Nos dois primeiros meses deste ano, a despesa com benefícios previdenciários aumentou 6% em termos reais, na comparação com o mesmo período do ano passado. A elevação real dos gastos com pessoal foi ainda maior, 7%, enquanto a despesa com os benefícios da Lei Orgânica da Assistência Social (Loas) subiu 4,7%. Entre as obrigatórias, apenas a despesa com abono e seguro desemprego caiu: 21,2%, mais por conta da concentração de pagamentos nos primeiros meses de 2016.
O pagamento dos investimentos do Programa de Aceleração do Crescimento (PAC) foi reduzido em 73,5% nos dois primeiros meses deste ano, em termo reais, na comparação com o mesmo período do ano passado, enquanto o gasto com o programa Minha Casa, Minha Vida foi reduzido em 87,8%. Outros gastos discricionários também foram cortados.

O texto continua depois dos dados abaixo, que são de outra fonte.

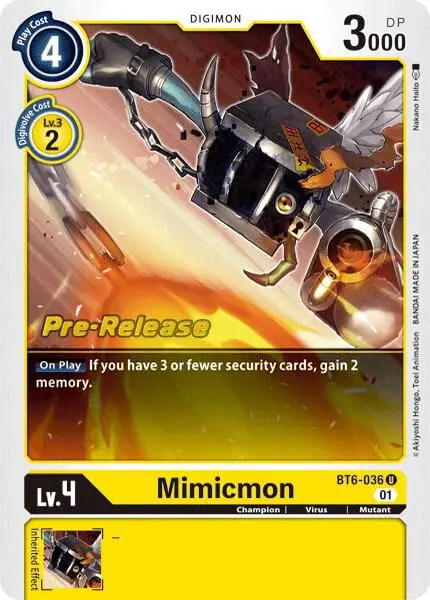 Mimicmon card art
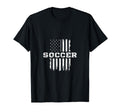 American Flag Soccer Rustic Distressed T-Shirt - Unique Graphic Men Women - T-Shirt, Sweatshirt, Hoodie
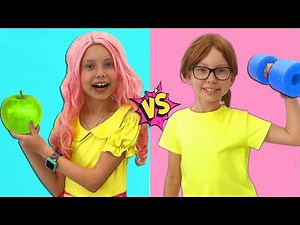 Stacy shows her best friend Alice the rules of behavior in the lower school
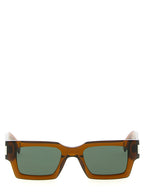 Brown Acetate Square Sunglasses
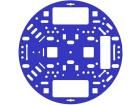 ROBOT CHASSIS RRC04A SOLID BLUE Frames and Chassis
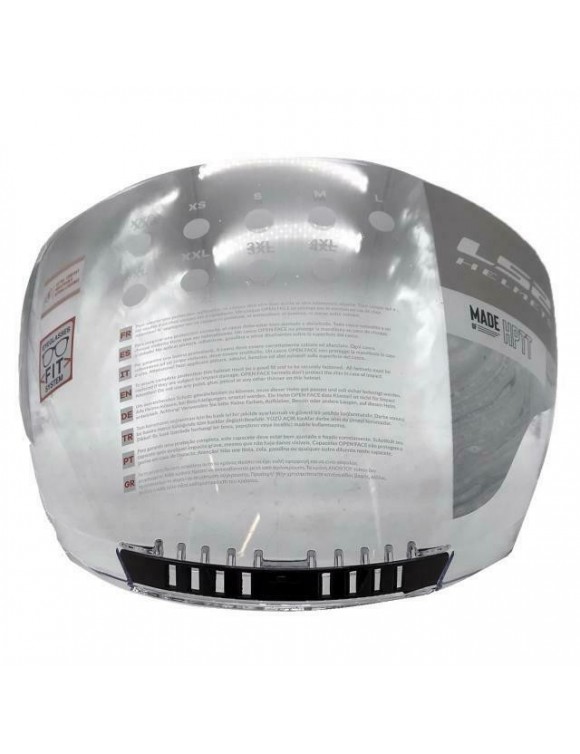Visiera casco moto trasparente antigraffio LS2 of600 copter 80060vis01 - 2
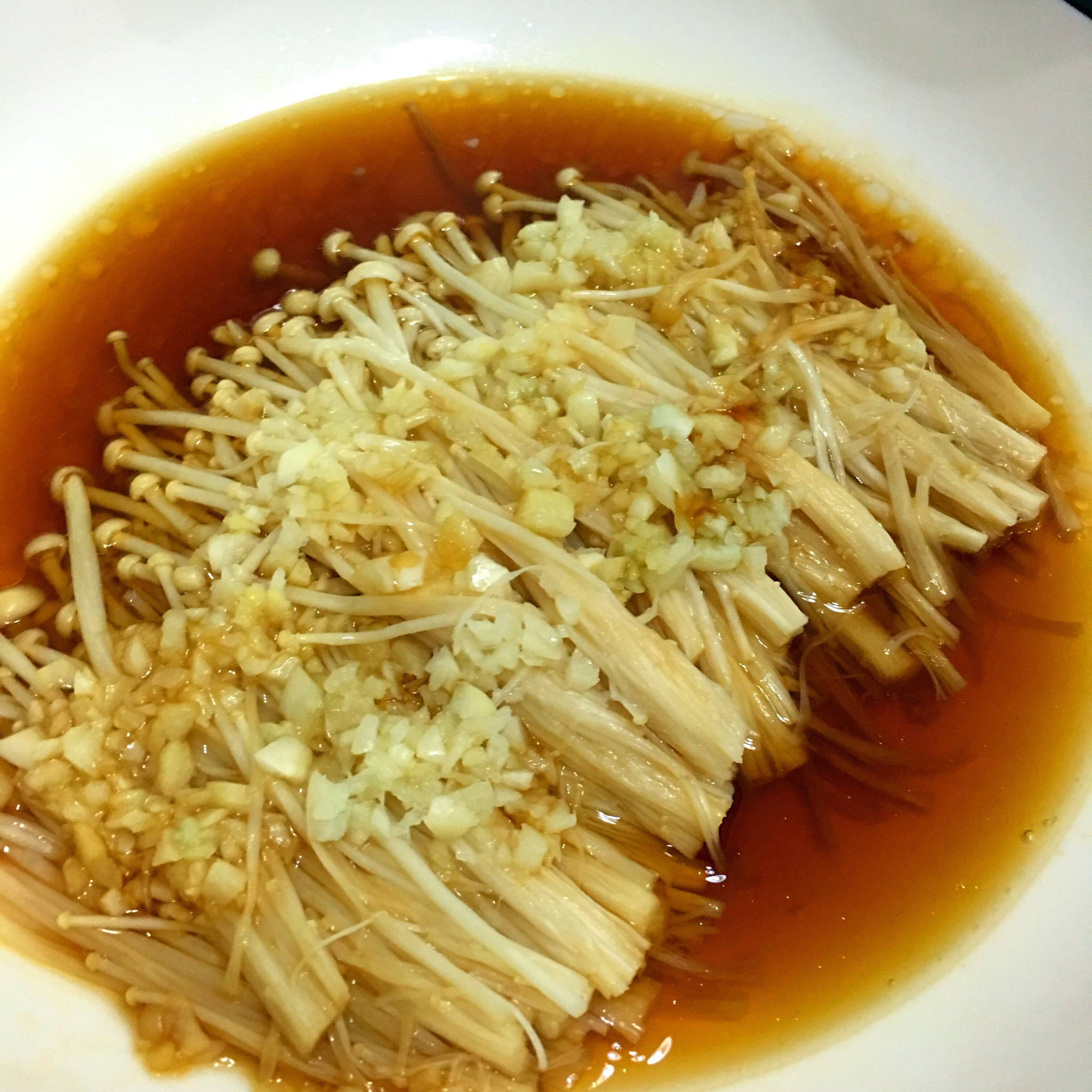 蒜蓉蒸金针菇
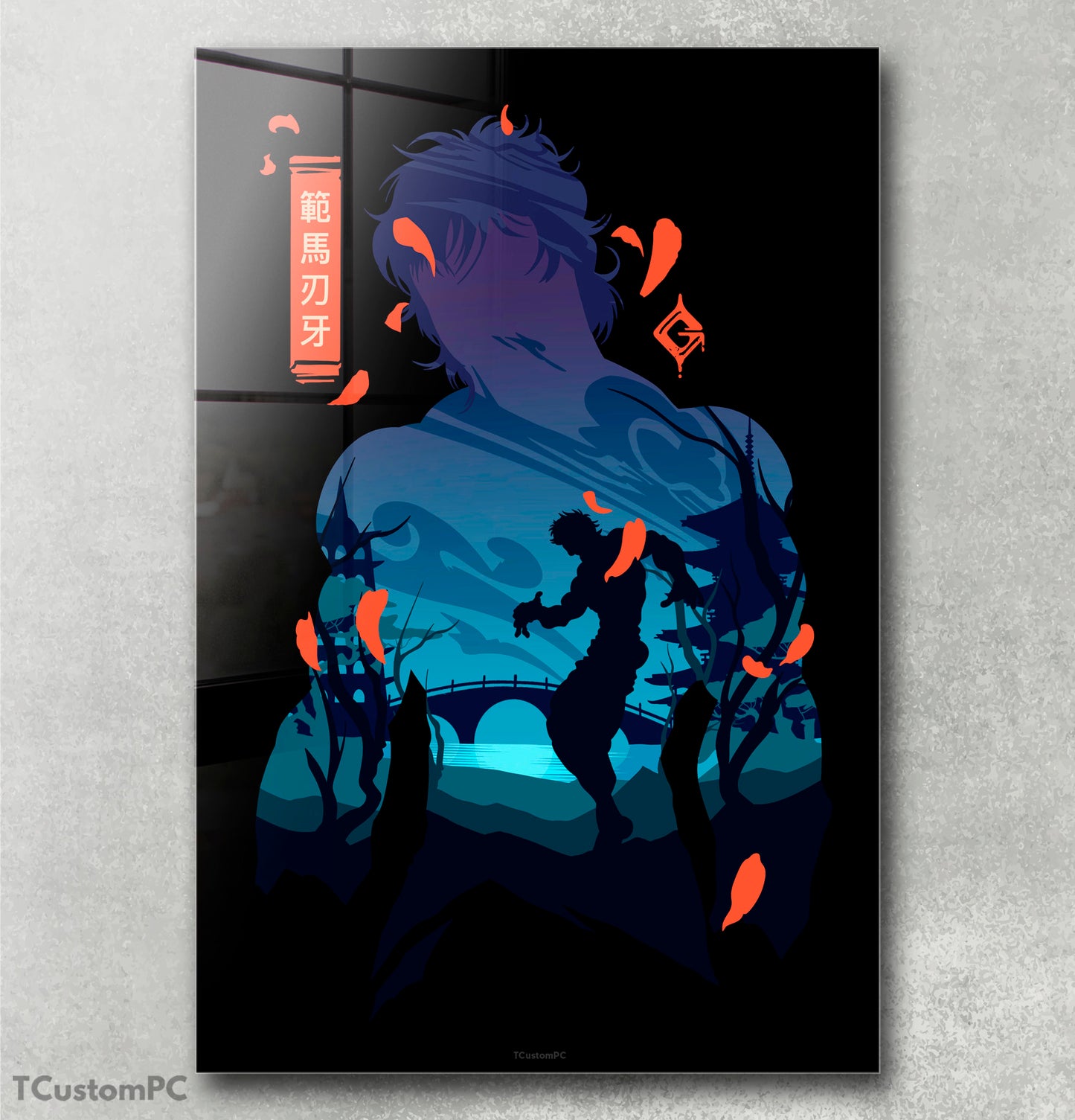 Baki Hanma Character Siluette Painting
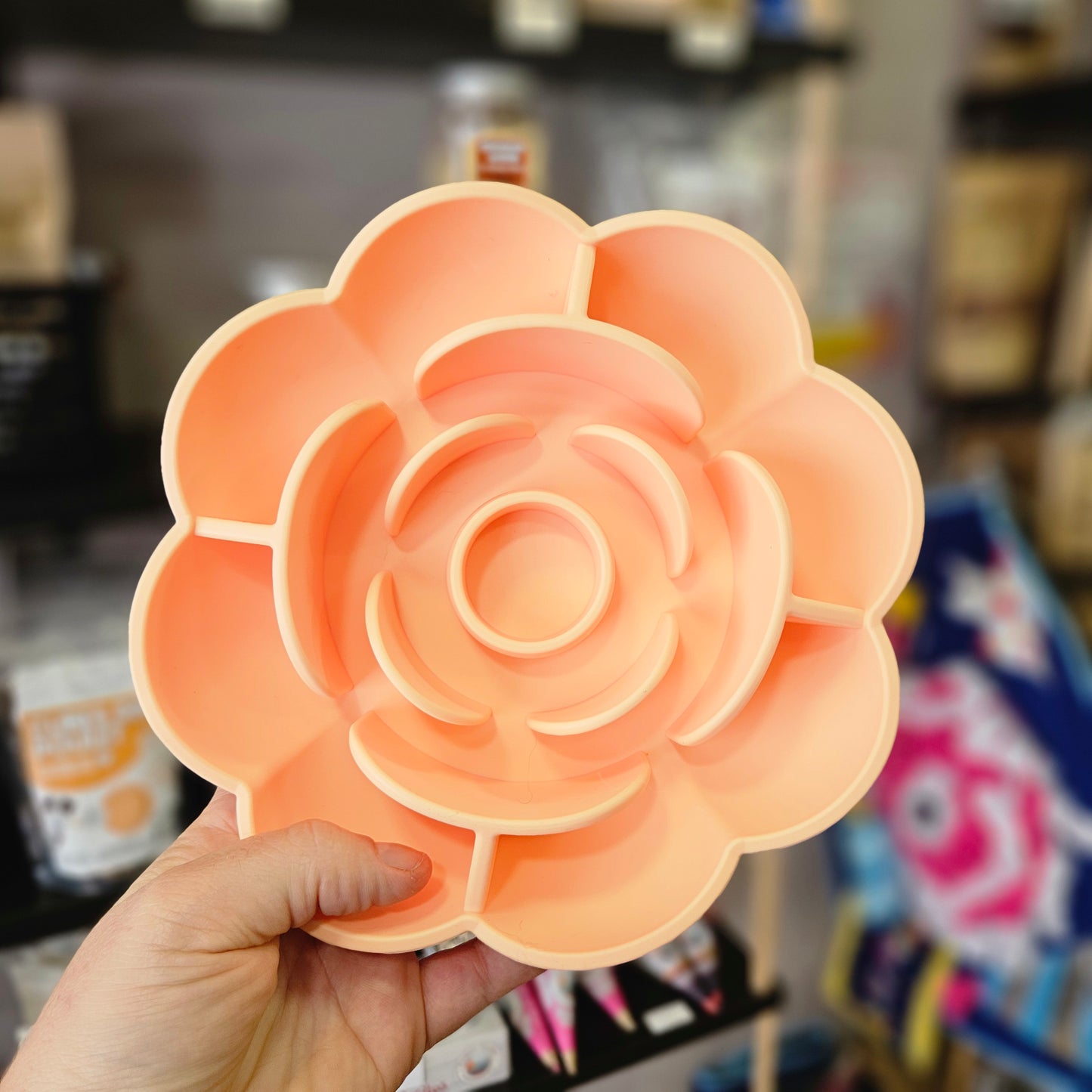 🌸 Slow Bowl « Rose » – Bol anti-glouton pour chien & chat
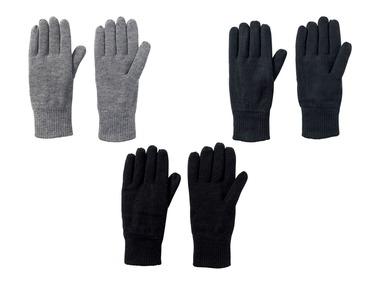 LIVERGY® Pánské pletené termo rukavice
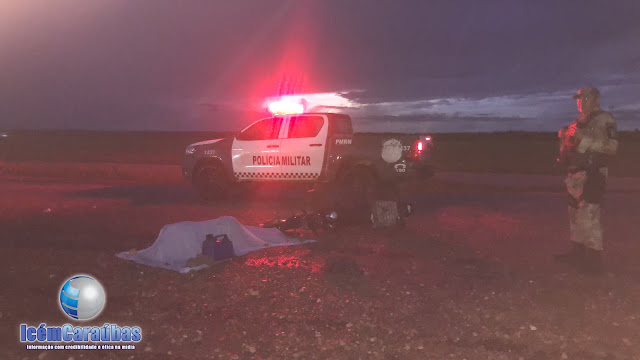 Homem morre após ser atingido por raio enquanto andava de moto na chuva no RN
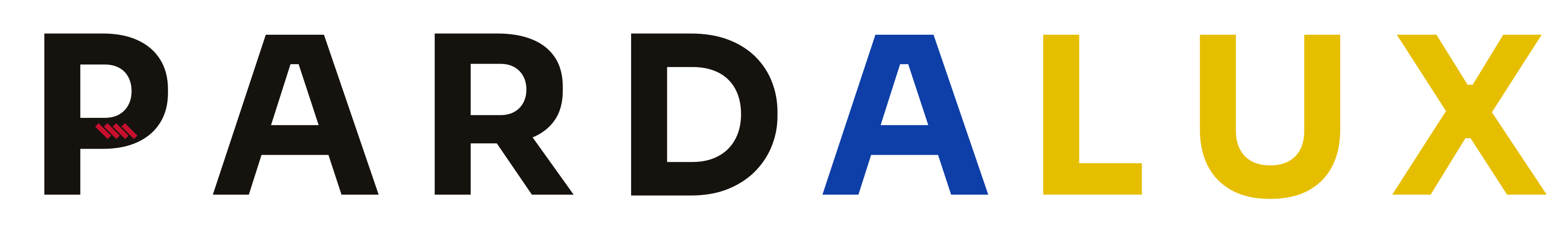 The approved Pardalux wordmark, light primary version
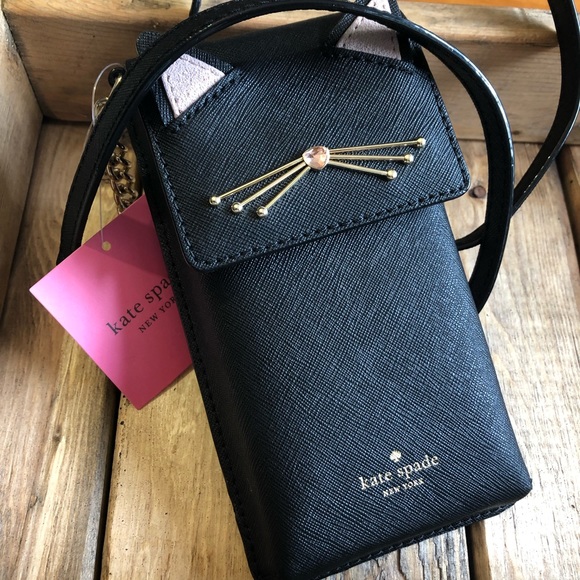 kate spade Handbags - Kate Spade ♠️ cat cellphone crossbody purse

Esse processo de corte dos investimentos, que sempre foi a variável de ajuste fiscal, deverá continuar nos próximos meses, admitiu hoje a secretária do Tesouro Nacional, Ana Paula Vescovi. Mesmo porque as receitas serão mais baixas do que o previsto inicialmente. "O esforço de contenção será muito forte e inevitável", disse. "Os investimentos terão a mesma perspectiva das outras despesas discricionárias", acrescentou. A secretária disse que todos os órgãos públicos devem se preparar para enfrentar essa nova realidade.